YOUR GOAL:
Transcribe only the lines of the listing below from the one holding "The new Classy" through the one holding "DeLorean Time Machine MOC 389pcs", inclusive, without any change.

THE DATA:
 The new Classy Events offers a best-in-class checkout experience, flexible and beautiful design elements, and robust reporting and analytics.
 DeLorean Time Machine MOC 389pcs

...

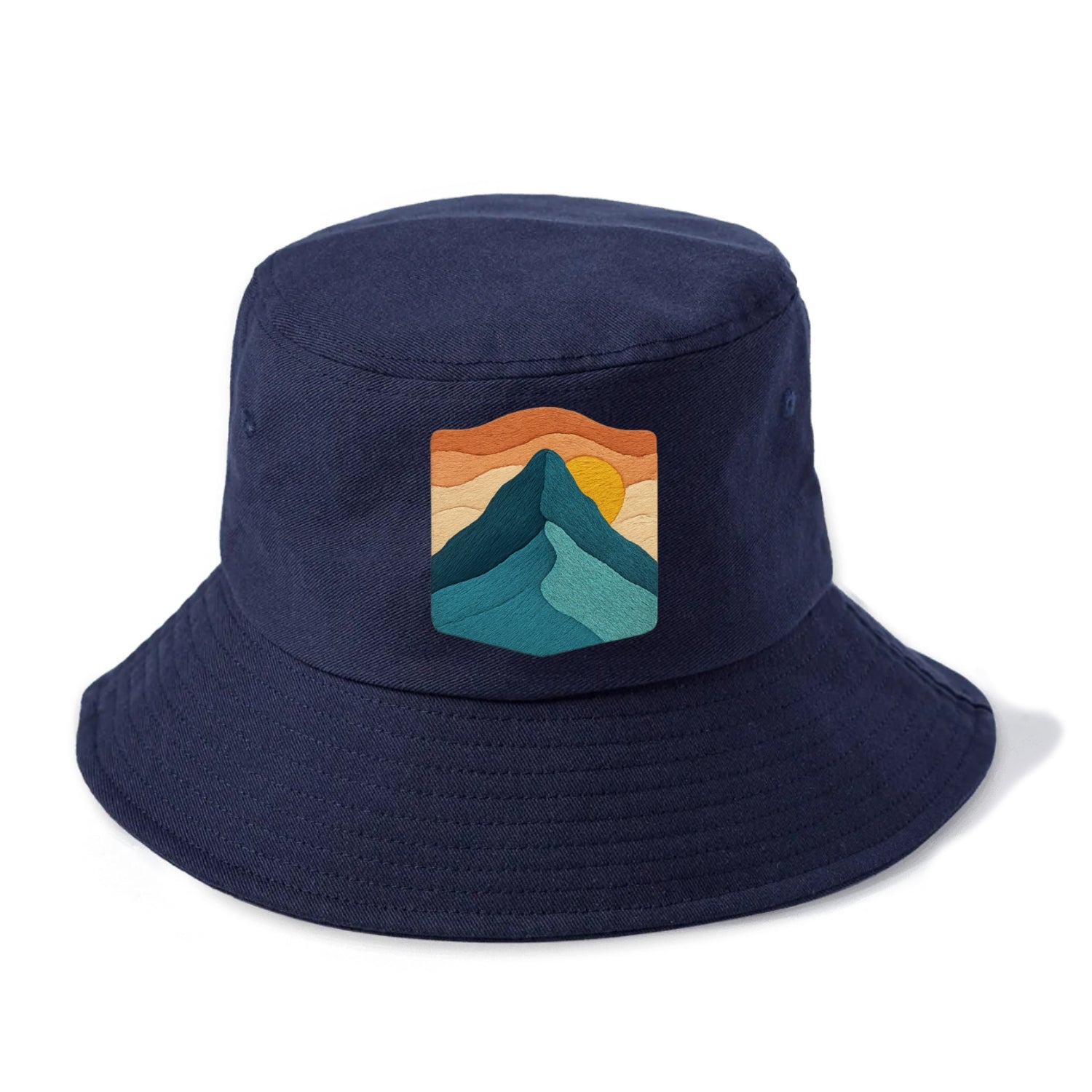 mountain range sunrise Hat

ANSWER SECTION:
 The new Classy Events offers a best-in-class checkout experience, flexible and beautiful design elements, and robust reporting and analytics.
 DeLorean Time Machine MOC 389pcs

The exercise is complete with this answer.